You don't have to run away but you would have to make much better use of the cover. The demos we've got here are obviously running on easy mode. So when it gets up to 007 Mode and it is one-shot-to-kill then it becomes quite challenging...
Basically, in the harder difficulties there isn't so much scope for all-out attack.
No, you'd probably be a little bit more careful. With the Focus Aims as well.... you'd have to use a lot more strategy in the way you clear a level. On the higher difficulties and later on in the game, you'd make much more judicious of the Focus Aims, and use them to the best of your ability because it's not an option to run into a room and just take everyone out.
With the driving segments, it's so interesting that Bizarre has this history of Blur and Project Gotham Racing, but really Blood Stone draws more from recent disaster games like Split: Second and Motorstorm: Apocalypse. With those games there are things are happening around you all the time, whereas with Blood Stone it feels like it's not quite as frequent because you don't want to go into the realms of fantasy. So how do you make it as exciting as those games without making the segments too ridiculous?

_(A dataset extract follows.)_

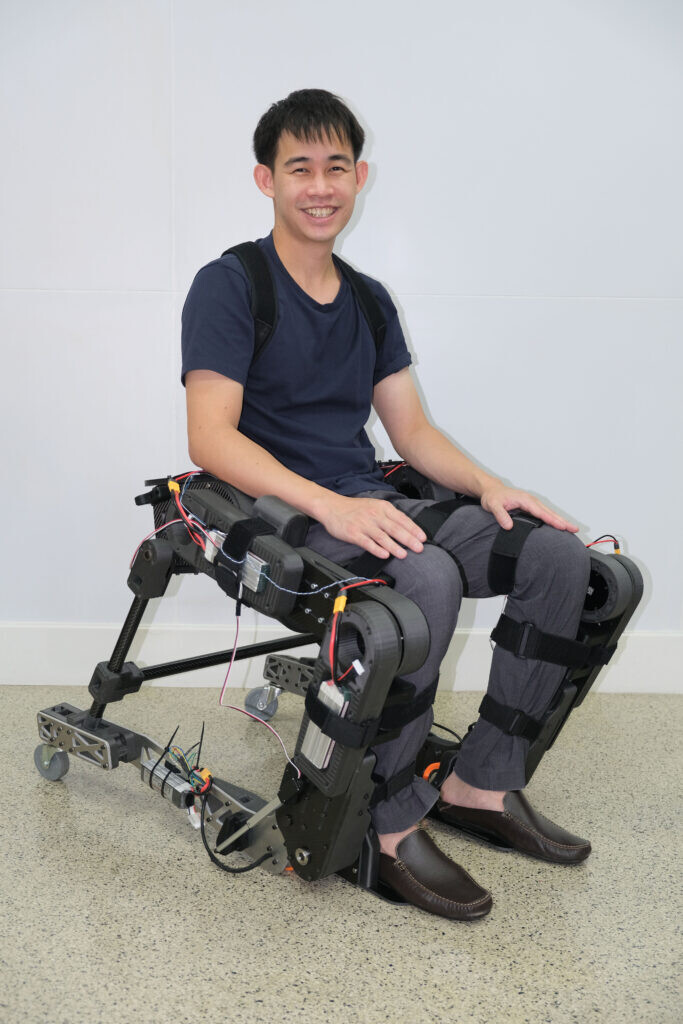 จุฬาฯ เปิดตัว "วีลแชร์เดินได้" Wheelchair Exoskeleton หุ่นยนต์สวมใส่บนร่างกายมนุษย์ นั่ง ลุกยืน และเดินได้ในตัวเดียว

Yeah, that's a toughie. It has to plausibly follow the narrative, right? We have two quite destructive driving areas - one of which we're not allowed to reveal today - but the other is the Refinery Driving level. There's a balancing act between having an intense spectacle for the player to enjoy without having them throw the handset away because it's just so ridiculous. It also didn't need to be artificial. In Refinery Driving there's a specific reason why all the stuff is falling down. You set that chain events into action in the previous run-and-gun level. You don't just happen to be driving through Siberia with this refinery falling down, it's a chain of events that you set into motion. So when you play it through in order it makes sense and it doesn't seem unrealistic that it's happening. Whereas if we just drove you through Istanbul and collapsed the city around you I think that would be a step too far, not even a Bond movie would go that far. So there's a fine line between plausible reality and utter nonsense.

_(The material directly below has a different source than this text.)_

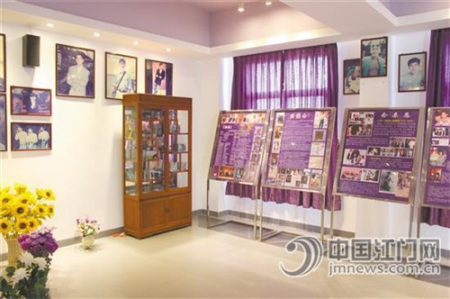 陈百强纪念馆内存放着陈百强历年的获奖奖牌、奖杯和代表唱片。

If you took away Bond from the game, what would you say is the USP that will separate it from other games coming out at the moment?
I think the cover-based combat system is quite original. It's been influenced by many but it's done in a quite original, and I think it's quite satisfying to do and I think it's a very satisfying experience to play. But also I think the blending of driving and action is - well, it's not unique, but I think we've done it well in terms of the pacing of the story. It's trying to effectively make a cinematic piece that's longer than a movie, to borrow the pacing of a movie but to extend it over the period of five, six, or seven hours rather than an hour and a half, and I think we've been quite successful with that.
Just before we go, then; if you could be any Bond - Craig, Connery, whoever - who would you be?
Roger Moore. He was the one I grew up with. The first Bond movie I went to see at the cinema was Moonraker. I think you always have that affinity to the Bond who was current when you were growing up. I think Daniel Craig is great, and I think Casino Royale is probably the best Bond movie, but I definitely have a soft spot for the Moore years.
And finally, it wouldn't be right for me to come all the way to Bizarre without asking or begging you to make Geometry Wars: Retro Evolved 3. So what is going on with Geometry Wars?
We've got plans...
(laughs) You wouldn't expect me to say any more, would you?
It was worth a try. Thanks for your time, Neil.